Administration officials said that in many cases, testing is redundant, poorly aligned with curriculum or simply overkill. They said the administration supports legislative proposals to cap testing time on a federal level, but wanted to offer states a model for how to cut down on testing absent congressional action.

"There's just a lot of testing going on, and it's not always terribly useful," Cecilia Munoz, the director of the White House's Domestic Policy Council, said in an interview. "In the worst case, it can sap the joy and fun out of the classroom for students and for teachers."

Casserly said his group found examples of testing redundancy that could be cut to create more instructional time. For example, some states and school districts were requiring both end-of-year tests and end-of-course tests in the same subjects in the same grade.

To ease the testing burden, the administration will provide states with guidance about how they can satisfy federal testing requirements in less time or in more creative ways, including federal waivers to No Child Left Behind that the Education Department readily has handed out. For example, some 8th-grade students who take high school-level coursework currently take both 8th-grade and high school assessments, but the administration will allow them to opt out of the 8th-grade tests.

The value of standardized tests taps into the national debate about the federal government's role in local schools; both political parties generally support scaling back Washington's reach.

Central to that debate is Common Core, intended as national academics standards in reading and math.

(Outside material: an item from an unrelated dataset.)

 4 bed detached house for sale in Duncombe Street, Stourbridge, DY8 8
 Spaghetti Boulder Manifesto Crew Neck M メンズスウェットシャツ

The federal government doesn't require Common Core, but the administration has backed it with financial incentives. About 12 million students last spring took tests based on the curriculum.

Teachers' unions have fought hard against one-size-fits-all tests for students being tied to their teachers' performance evaluations. Among parents with children in public schools, 63 percent were opposed to linking teacher evaluations to their students' test scores in a recent Gallup Poll.